そして愛情といえば、意外なところで花開いた愛情が一つ――前回、互いの力を合わせた芙爾雷伊との決死の戦いの中で、互いの真価を認めあい、何だかイイ感じになっていた霸王玉と花無蹤。二人は、なんとせっかく手に入れた魔宮印章と禍世螟蝗から託された神誨魔械を異飄渺の凜雪鴉に返却してしまいます。
二人が、忠誠心よりも使命よりも大切な人を見つけたので寿退職して東離で静かに暮らします! と言い出したのには、さすがの凜雪鴉も「話を聞け!」と異飄渺の演技を忘れて叫びますが、もはや固い絆で結ばれた二人には届きません。空間転移術(便利)で二人が魔界から消えた後には、ワナワナ震える凜雪鴉が残されるのみ――と、凜雪鴉がこうなるのは久々ですが、彼が大悪党をハメること以上に、彼の見込みが狂って冷静さをかなぐり捨てて荒れる様は、大変気持ちが良いものです。心の底からザマあと言いたいと思います。

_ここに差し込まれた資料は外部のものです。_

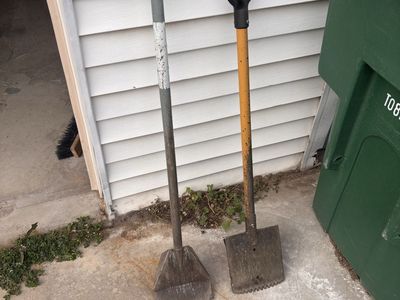 Roofing shovels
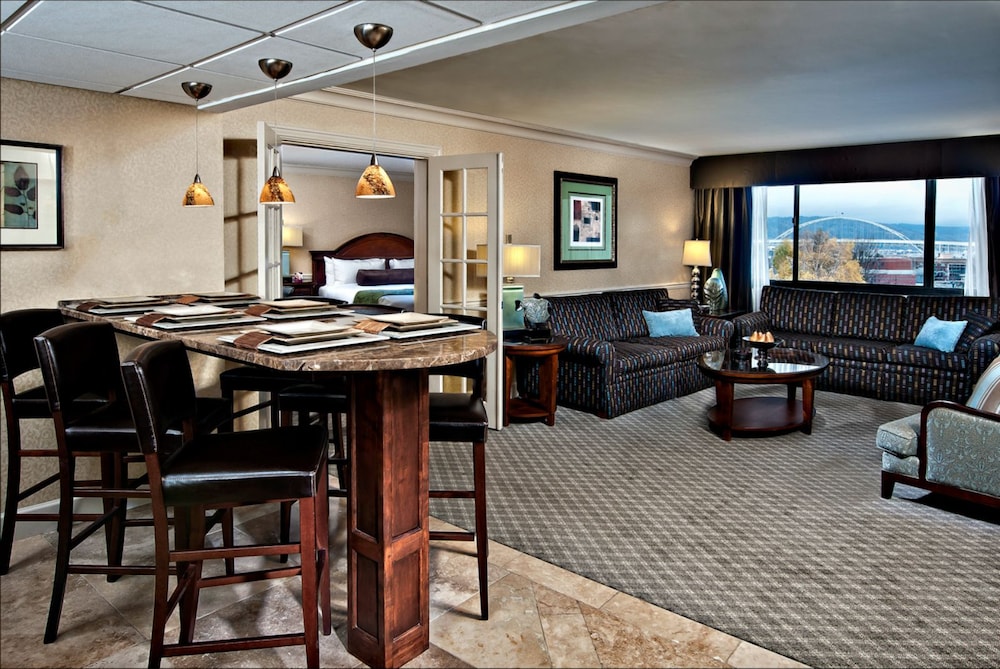 Crowne Plaza Portland Convention Center 65/82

(しかし絶対に凜雪鴉の餌食になると思っていた花無蹤が見事に笑傲江湖してしまうとは、全く予想が外れて感服しました)
一方、魔界でかつての仲間たちと再会した殤不患は、そのまま魔界の奥に殴り込み! はせず、前回とは逆パターンで(嵩張りそうな天工ロボを引き上げつつ)鬼歿之地に戻ります。当分ウォウウォウはお預けのようで残念ですが……
そこで第二期にあっさり騙された護印師の偉い人に東離の宮廷を動かすように頼み(たぶん無理)自分たちは本来の任務である、最後の神誨魔械を探すことにした殤不患ですが――捲殘雲が見つけてきた謎の洞窟が、彼に奇妙な行動を取らせます。
捲殘雲に防瘴気マスクを被ってここで待っていて、やって来た若僧の相手をしてやってほしいという殤不患。捲殘雲相手に三拝して殤不患が去った後、はたしていずこからか現れた幼さを残した剣士が捲殘雲に戦いを挑みます。しかし捲殘雲相手に軽くあしらわれた彼は、弟子入りを志願。共感性羞恥に震える捲殘雲も、殤不患の頼みとあらば仕方なく、共に稽古することになるのですが――どう見ても正体がバレバレのこの若僧の正体は如何に、というよりどうやってここに来たのか。気になると言えば、次回のナレーションではまるで捲殘雲が遺志を託しそうな勢いで、むしろこちらが心配です。
にしても主人公(の片割れ)が全く知らぬ間に、魔宮貴族と神蝗盟という二大敵組織が幹部ほぼ全滅しているとは、意表を突いた展開です。
何となく魔界編は第四期でカタが付きそうな気がしますが、それでは完結編では何が描かれるのか。残り四話の行方が気になります。